Deux propositions, appelant à la mise en place d’actions de renforcement de SDEN stratégiques par leurs perspectives de développement importantes ou parce que situés sur des territoires virolés par l’extrême droite, ont cependant été rejetées. Elles prévoyaient que la direction consacre une partie de son temps de décharge à appuyer localement des syndicats départementaux ciblés. En revanche, le document d’orientation final impose à l’UNSEN de construire une campagne contre l’extrême droite et ses idées et contre toutes les formes de discriminations, notamment racistes – ce qui manquait. Un début de réflexion sur la ruralité a également émergé de façon inattendue à l’initiative de plusieurs petits SDEN concernés.

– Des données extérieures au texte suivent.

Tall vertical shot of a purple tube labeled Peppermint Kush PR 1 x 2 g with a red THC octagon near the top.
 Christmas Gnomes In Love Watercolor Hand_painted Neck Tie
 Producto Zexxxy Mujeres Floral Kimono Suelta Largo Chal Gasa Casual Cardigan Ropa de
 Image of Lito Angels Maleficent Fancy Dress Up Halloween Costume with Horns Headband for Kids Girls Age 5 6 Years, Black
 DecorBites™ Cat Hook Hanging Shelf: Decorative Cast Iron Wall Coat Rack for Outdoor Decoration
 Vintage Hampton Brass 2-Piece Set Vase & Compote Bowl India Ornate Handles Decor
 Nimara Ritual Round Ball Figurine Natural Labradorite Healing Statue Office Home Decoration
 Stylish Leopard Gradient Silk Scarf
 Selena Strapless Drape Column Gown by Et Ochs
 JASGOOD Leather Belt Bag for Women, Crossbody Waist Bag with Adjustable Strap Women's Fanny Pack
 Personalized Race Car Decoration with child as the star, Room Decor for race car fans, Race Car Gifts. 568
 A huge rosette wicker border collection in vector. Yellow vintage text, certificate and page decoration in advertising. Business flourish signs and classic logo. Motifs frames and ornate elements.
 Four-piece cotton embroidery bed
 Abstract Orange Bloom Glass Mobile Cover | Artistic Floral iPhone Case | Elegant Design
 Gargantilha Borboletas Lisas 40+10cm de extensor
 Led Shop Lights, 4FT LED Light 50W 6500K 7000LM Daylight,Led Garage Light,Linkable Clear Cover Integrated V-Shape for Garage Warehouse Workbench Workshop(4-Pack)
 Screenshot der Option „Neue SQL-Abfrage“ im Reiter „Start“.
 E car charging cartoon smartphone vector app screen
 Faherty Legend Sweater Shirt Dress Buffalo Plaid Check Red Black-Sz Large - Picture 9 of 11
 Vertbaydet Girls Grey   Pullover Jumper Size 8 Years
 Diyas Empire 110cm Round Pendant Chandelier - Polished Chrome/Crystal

Le manque de débat s’est surtout fait sentir à propos de l’unification syndicale. Archi discutée lors des précédents congrès, elle ne devait faire l’objet que d’un mini débat de pure forme. Mais, à rebours des précédents congrès, elle a fait l’objet d’attaques minoritaires mais virulentes, qui l’ont fait évoluer vers un simple « rapprochement » au fil d’échanges pauvres : les arguments pour et contre ont été réduits à la portion congrue (« moi dans mon département ça se passe bien/mal avec la FSU »). En défaveur d’une unification, de petits SDEN ont donné des accents identitaires à leurs interventions, et certains moyens voire gros SDEN ont défendu des positions sensiblement plus tranchées que par le passé. Ces crispations traduisent un manque de culture et de projet politique inquiétant d’une minorité importante de camarades, qui n’envisagent manifestement le syndicat que comme un moyen d’accroître le mieux-être quotidien des travailleur⋅es, non comme outil d’émancipation intégrale et d’organisation de la société (ce qui requiert l’unité). Engoncées dans les timidités de leurs organisations respectives (Solidaires ayant rejeté le principe de l’unification et la FSU ayant subtilement levé le pied sur le processus lors de son dernier congrès), les interventions des camarades de Solidaires et de la FSU n’ont pas relevé le niveau. Les propositions pratiques innovantes ont manqué : unification ou rapprochement, oui mais comment ? Une avancée majeure tout de même : le principe de listes communes aux élections professionnelles a été évoqué. L’idée d’un congrès extraordinaire commun a aussi émergé en fin de débat. Le lancement d’une campagne nationale ambitieuse sur le bâti scolaire, enfin, avec l’Alliance écologique et sociale, ouvre aussi de belles perspectives de travail commun à toutes les échelles.